◆ **WHAT YOU NEED TO DO**: Would you transcribe the whole listing exactly, minus its pictures?

◆ **DATASET EXCERPT**:
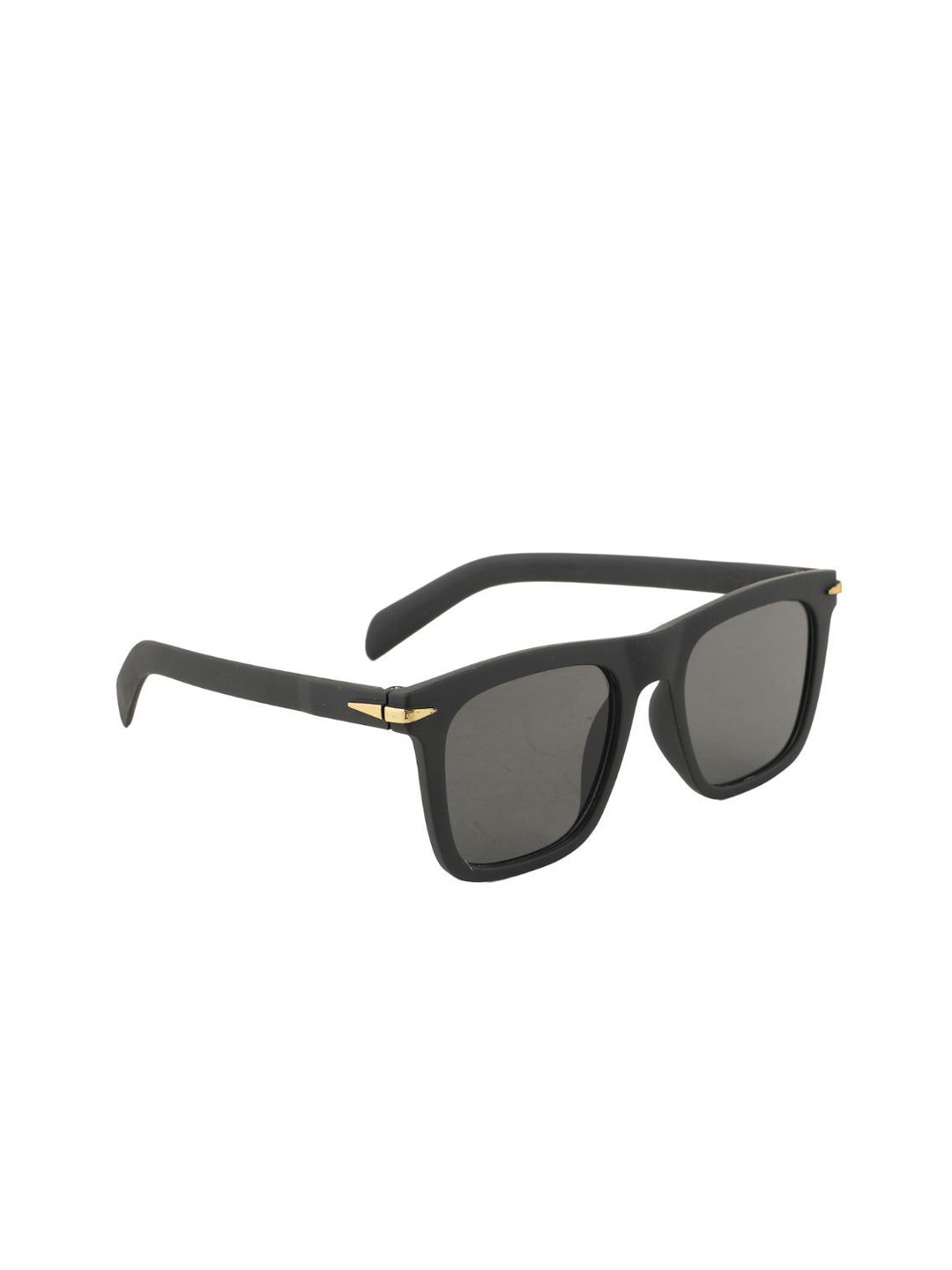 BAYBERRY Unisex Black Lens & Black Square Sunglasses with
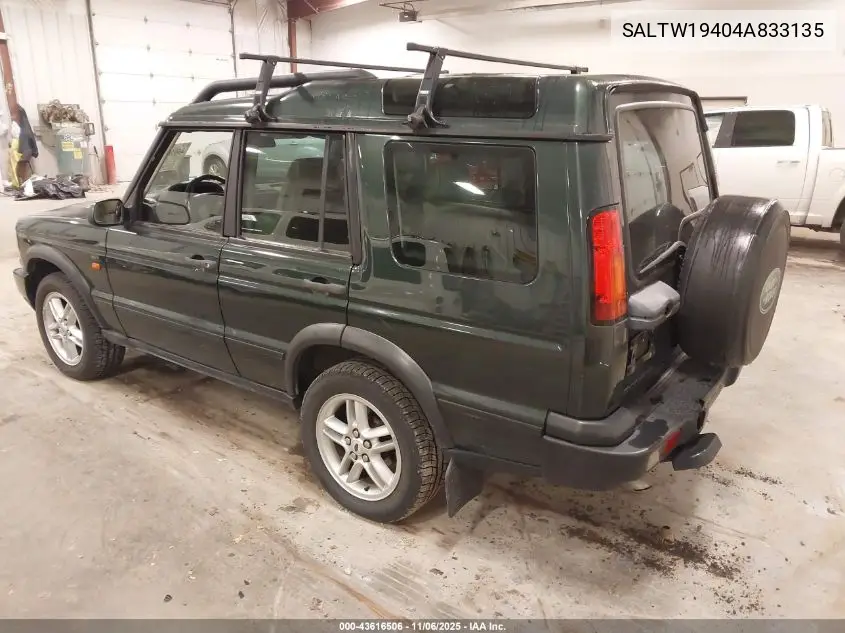 SALTW19404A833135 2004 Land Rover Discovery Se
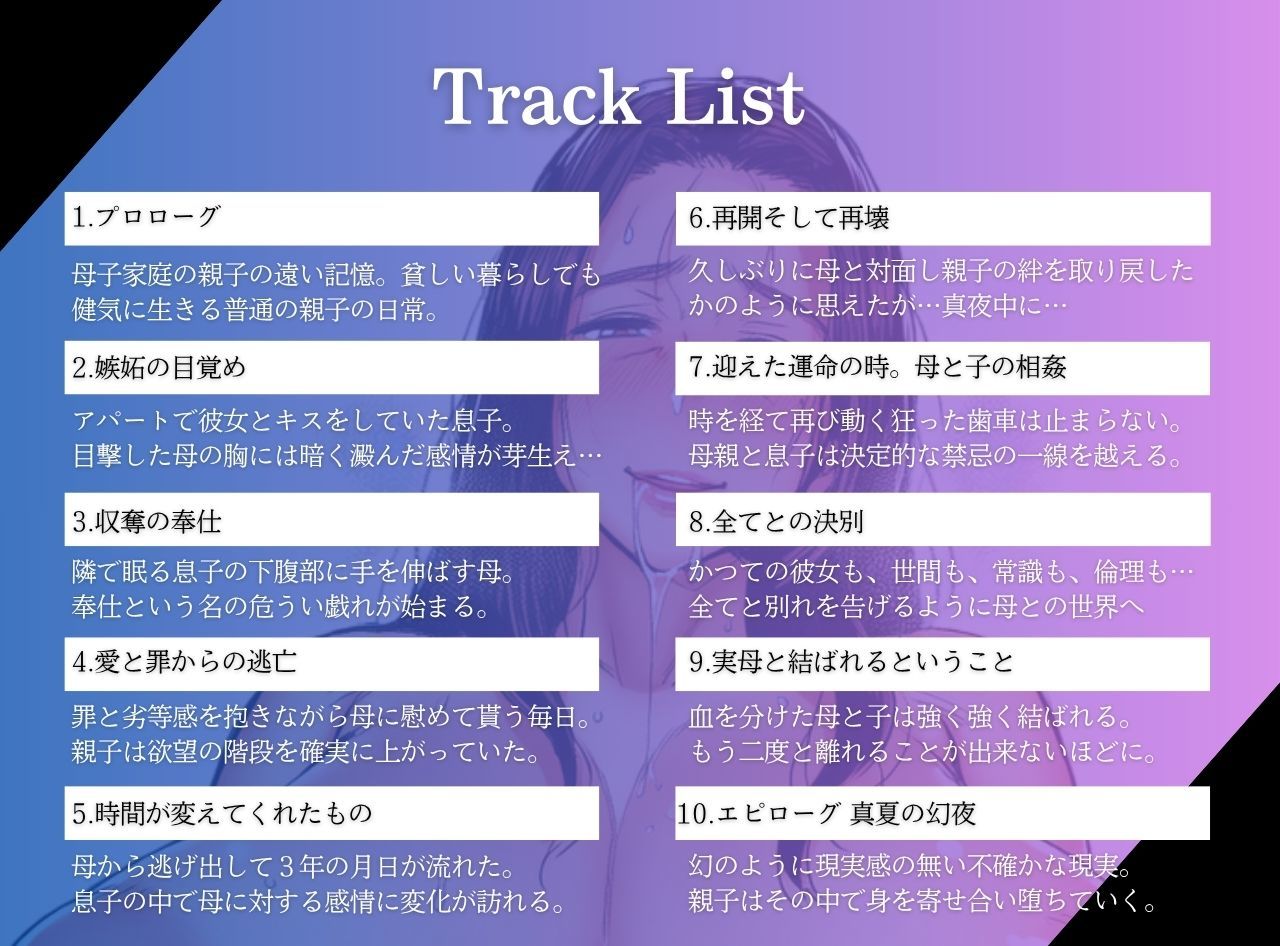 実母に耽る夏〜或る親子の偏執的相姦〜 サンプル画像3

◆ **WRITTEN RESPONSE**:
 BAYBERRY Unisex Black Lens & Black Square Sunglasses with
 SALTW19404A833135 2004 Land Rover Discovery Se
 実母に耽る夏〜或る親子の偏執的相姦〜 サンプル画像3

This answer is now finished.